Businesses could play a constructive role in improving US-China ties, Gan said. “Siemens for example, has a lot of presence in China as well. If you can be the interlocutor, talk about how you can improve the relationship between the two so that you can compete on a fair and reasonable basis – that will benefit all of us.”

Barbara Humpton, CEO of Siemens USA, moderating a chat with Minister for Trade and Industry Gan Kim Yong in Washington, DC. PHOTO: THE ECONOMIC CLUB OF WASHINGTON DC

Specifically, when asked by an audience member about the challenges of doing business with the US, Gan replied that the US and Singapore have always had a very good working relationship, even if the imbalance in size is “very difficult to manage”.

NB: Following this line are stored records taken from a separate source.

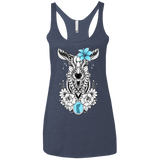T-Shirts Vintage Navy / X-Small Lily Women's Triblend Racerback Tank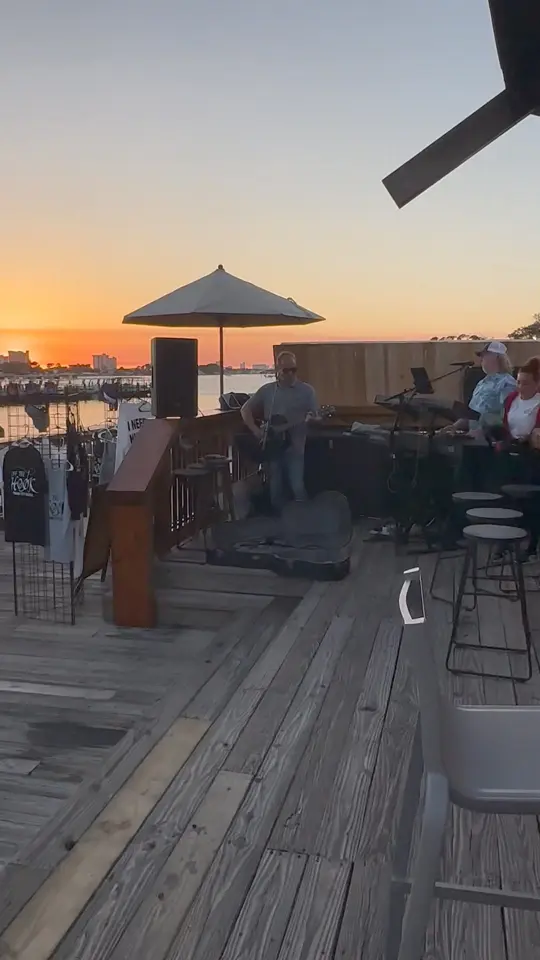 Off the Hook Bar and Grill in Panama City Beach showing live music, soft rock, video by Off The Hook Bar and Grill on Facebook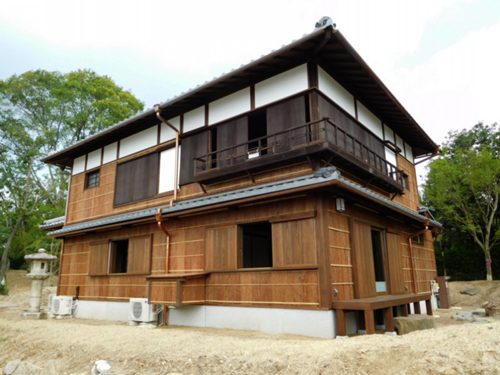 茶室材料　仁和寺松林庵　修復工事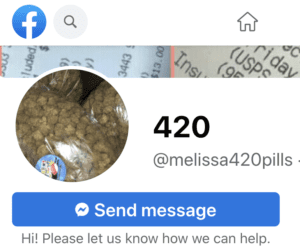 Screenshot of part of a facebook page: 420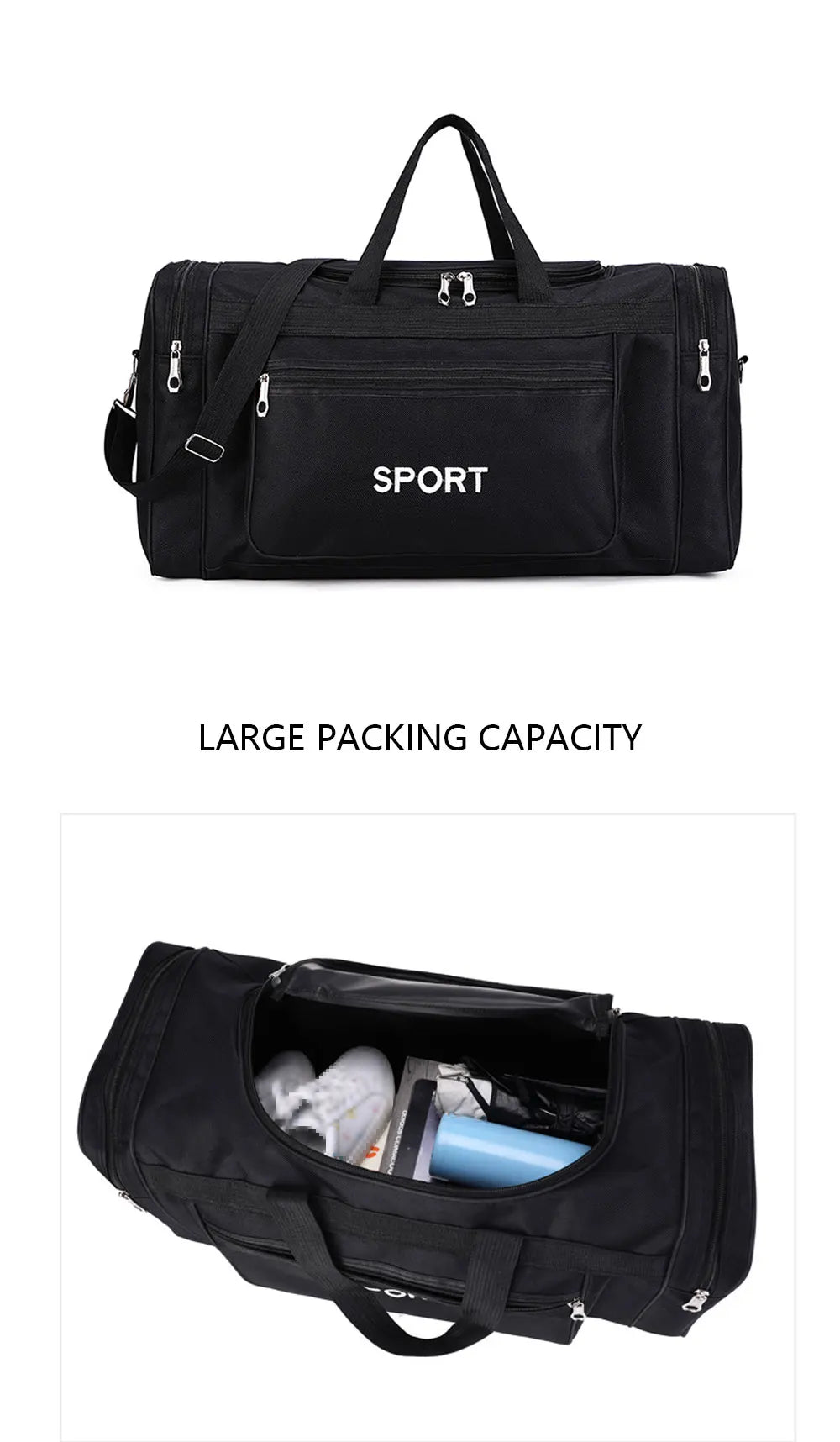 Large Capacity Sports Fitness Cricket Soccer Basketball Football Multifunction Travel Training Shoulder Duffle Bag The Clothing Company Sydney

Singapore is a small, open economy in the middle of Asean, he noted, whereas the US is a very large country.

“But we are able to talk to each other on equal footing. What is more important is that we need to understand that each other’s concerns are very different,” he said. “The way to solve this difficulty is really to have a frank and open discussion.”

Gan was also asked what he considered to be Singapore’s biggest challenge, and he replied that this would be its limited market and workforce, as well as being short on energy.

This means Singapore would not be able to accommodate labour-intensive industries or more data centres. However, the city-state is “very keen to look for solutions”, he said.

For example, he recalled suggesting to some platform operators that they site their data centre in nearby Batam or Johor and connect that with Singapore to create an ecosystem.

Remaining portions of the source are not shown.